*Supplied entries*
______________________________

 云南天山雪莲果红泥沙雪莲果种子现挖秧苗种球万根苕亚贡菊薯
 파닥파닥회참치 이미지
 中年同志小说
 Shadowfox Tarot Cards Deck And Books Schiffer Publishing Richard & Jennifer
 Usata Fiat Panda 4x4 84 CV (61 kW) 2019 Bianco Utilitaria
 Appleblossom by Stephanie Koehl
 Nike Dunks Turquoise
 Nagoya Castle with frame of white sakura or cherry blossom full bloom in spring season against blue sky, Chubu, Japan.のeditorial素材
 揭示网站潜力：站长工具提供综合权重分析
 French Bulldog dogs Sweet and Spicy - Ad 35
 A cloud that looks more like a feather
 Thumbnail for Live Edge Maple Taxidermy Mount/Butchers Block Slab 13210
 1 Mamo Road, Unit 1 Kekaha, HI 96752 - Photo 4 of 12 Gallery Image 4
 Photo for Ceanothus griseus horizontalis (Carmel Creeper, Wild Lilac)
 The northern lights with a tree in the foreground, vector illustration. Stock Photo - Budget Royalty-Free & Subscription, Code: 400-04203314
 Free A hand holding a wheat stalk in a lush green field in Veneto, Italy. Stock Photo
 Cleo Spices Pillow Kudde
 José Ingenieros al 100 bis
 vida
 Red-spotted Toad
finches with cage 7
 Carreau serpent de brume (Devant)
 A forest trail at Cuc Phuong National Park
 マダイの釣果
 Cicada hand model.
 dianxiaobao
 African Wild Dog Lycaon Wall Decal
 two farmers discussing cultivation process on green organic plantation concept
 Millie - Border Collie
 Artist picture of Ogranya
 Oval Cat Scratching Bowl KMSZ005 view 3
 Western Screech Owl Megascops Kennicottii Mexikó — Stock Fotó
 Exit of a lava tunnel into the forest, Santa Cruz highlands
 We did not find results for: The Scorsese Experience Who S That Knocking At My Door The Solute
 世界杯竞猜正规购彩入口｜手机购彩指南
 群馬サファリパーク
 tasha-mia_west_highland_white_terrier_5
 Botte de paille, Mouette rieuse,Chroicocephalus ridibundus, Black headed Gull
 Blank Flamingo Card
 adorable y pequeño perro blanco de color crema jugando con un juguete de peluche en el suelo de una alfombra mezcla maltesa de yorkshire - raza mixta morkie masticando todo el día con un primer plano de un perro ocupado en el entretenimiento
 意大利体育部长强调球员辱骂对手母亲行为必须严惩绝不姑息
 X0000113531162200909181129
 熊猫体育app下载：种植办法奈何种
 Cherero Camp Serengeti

______________________________

Lines from the top of the data above through the line with "finches with cage 7", both ends included: copy them exactly, nothing more.

*Exercise output*
 云南天山雪莲果红泥沙雪莲果种子现挖秧苗种球万根苕亚贡菊薯
 파닥파닥회참치 이미지
 中年同志小说
 Shadowfox Tarot Cards Deck And Books Schiffer Publishing Richard & Jennifer
 Usata Fiat Panda 4x4 84 CV (61 kW) 2019 Bianco Utilitaria
 Appleblossom by Stephanie Koehl
 Nike Dunks Turquoise
 Nagoya Castle with frame of white sakura or cherry blossom full bloom in spring season against blue sky, Chubu, Japan.のeditorial素材
 揭示网站潜力：站长工具提供综合权重分析
 French Bulldog dogs Sweet and Spicy - Ad 35
 A cloud that looks more like a feather
 Thumbnail for Live Edge Maple Taxidermy Mount/Butchers Block Slab 13210
 1 Mamo Road, Unit 1 Kekaha, HI 96752 - Photo 4 of 12 Gallery Image 4
 Photo for Ceanothus griseus horizontalis (Carmel Creeper, Wild Lilac)
 The northern lights with a tree in the foreground, vector illustration. Stock Photo - Budget Royalty-Free & Subscription, Code: 400-04203314
 Free A hand holding a wheat stalk in a lush green field in Veneto, Italy. Stock Photo
 Cleo Spices Pillow Kudde
 José Ingenieros al 100 bis
 vida
 Red-spotted Toad
finches with cage 7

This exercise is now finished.